David Armstrong (26 December 1954 – 21 August 2022) was an English footballer who played as an attacking midfielder. He spent most of his career with Middlesbrough (from 1972 to 1981), before moving to Southampton in August 1981, where he played for a further six seasons. He finished his league career with AFC Bournemouth in 1987–88.

Football career
Armstrong was part of the Middlesbrough side of the 1970s managed by Jack Charlton which won the Second Division title and was a consistent Division One team for most of the decade. Towards the end of his time at Middlesbrough, he gained his first England cap. At Ayresome Park, Armstrong was noted for his remarkable durability – for many years he was ever-present in the #11 shirt, and as a testament to this was awarded a testimonial whilst aged only 25. He holds the Boro' record for most consecutive appearances with 305 consecutive league games and 358 consecutive games in all competitions between March 1972 and August 1980.
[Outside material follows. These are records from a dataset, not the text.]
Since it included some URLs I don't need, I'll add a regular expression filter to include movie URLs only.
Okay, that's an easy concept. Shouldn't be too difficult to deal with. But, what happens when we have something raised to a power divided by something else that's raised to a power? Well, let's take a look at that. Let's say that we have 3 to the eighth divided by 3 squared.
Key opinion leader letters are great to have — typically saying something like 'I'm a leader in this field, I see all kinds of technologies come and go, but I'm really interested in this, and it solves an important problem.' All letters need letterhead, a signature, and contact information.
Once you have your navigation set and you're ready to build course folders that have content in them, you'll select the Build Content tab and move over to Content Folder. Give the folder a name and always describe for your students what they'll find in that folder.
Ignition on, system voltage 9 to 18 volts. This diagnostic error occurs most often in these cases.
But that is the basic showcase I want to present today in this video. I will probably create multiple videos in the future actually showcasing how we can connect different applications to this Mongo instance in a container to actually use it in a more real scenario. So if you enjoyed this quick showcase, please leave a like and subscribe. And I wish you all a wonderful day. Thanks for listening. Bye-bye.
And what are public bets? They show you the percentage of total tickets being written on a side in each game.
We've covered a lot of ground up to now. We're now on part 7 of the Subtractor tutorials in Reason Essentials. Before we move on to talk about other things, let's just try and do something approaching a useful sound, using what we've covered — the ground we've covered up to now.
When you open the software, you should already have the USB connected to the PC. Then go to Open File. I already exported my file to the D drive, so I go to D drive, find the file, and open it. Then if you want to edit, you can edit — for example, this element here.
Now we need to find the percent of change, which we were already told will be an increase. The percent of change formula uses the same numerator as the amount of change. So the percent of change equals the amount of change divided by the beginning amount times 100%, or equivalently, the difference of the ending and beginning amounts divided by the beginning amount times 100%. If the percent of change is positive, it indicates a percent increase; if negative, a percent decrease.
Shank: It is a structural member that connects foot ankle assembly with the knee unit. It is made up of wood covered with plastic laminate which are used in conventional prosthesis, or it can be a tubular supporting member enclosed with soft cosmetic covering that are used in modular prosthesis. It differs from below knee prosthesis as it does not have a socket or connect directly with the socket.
He joined Southampton in August 1981 and scored 15 league goals in his first season alongside Kevin Keegan, as the Saints led the table for most of the first three months of 1982 before finishing seventh. He came close to a league title medal again in 1984, as the Saints finished runners-up to Liverpool in the league and were also semi-finalists in the FA Cup. He scored 15 league goals again. And in 1984–85, he scored 10 times in the league and the Saints finished fifth. He helped the Saints reach another FA Cup semi-final in 1985–86, and again totalled 10 goals in the league. However, he was dropped from the team during the 1986–87 season, scoring just once in 22 league games. At the end of that season, he dropped down a division to sign for AFC Bournemouth, where he spent one season before retiring as a player. At Southampton, he had scored 59 league goals in six seasons.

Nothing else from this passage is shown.